Based on the pair12List(*) the all other lists are calculated, namely
Bonded triplets and quartets to form list of covalent angles, torsion angles, improper torsion angles.
The list of triplets and quartets are calculated via tree algorithm
Call vbondListPDB2(atomXYZ,
& natom,atomNumb,atomName,resName,chName,resNumb,
& nres,resNameRes,chNameRes,
& atomNameEx,startAtInRes,
& nmoveatom,moveAtomList,
& pair12List,startPairL12,nPairL12,np12MAX,
& pair13List,startPairL13,nPairL13,np13MAX,
& pair14List,startPairL14,nPairL14,np14MAX,
& bond12List,nbond12,
& trip123List,nTrip123,np123MAX,
& quar1234List,nQuar1234,np1234MAX,
& quarImp1234L,nImp1234,nImp1234MAX)
the call of the subroutine initMolecTopPDB results in the complete definition of the molecular topology
from the input molec.pdb 3D structure.
4. call initFFieldParam
Initialization of the force field parameters for the bond, angle, torsion angle, improper angle deformations,
van der waals non bond interactions and atomic point charges for the electrostatic interactions.

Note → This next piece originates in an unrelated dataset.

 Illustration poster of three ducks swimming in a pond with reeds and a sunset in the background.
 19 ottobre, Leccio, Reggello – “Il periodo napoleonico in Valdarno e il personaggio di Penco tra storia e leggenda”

For bond, angle, torsion and improper angles a respective list of parameters are generated and stored in the arrays.
A list All force field parameters are based on the amber94 force field parameter set [Cornell et.al 1995].
Molecular mechanical energy is based on the standard equations for the force field of second generation
amber94 [Cornell et.al 1995].
Decoding of the atom names (residue names) to the forceField atom name is based on the look up table
ffAtomTypeFile = $MDSBHOME/dat/atmAAmberff.dat
5. Extraction of the data from Library file
All search of the proper names in the look up table of the MDynSB program are based on
the hashing of a records in the look up table, i.e. conversion of the table in numerically
sequential order. If several records of the look up table have the same hash number (degenerated case),
they are placed in a linkedLis for this hash number.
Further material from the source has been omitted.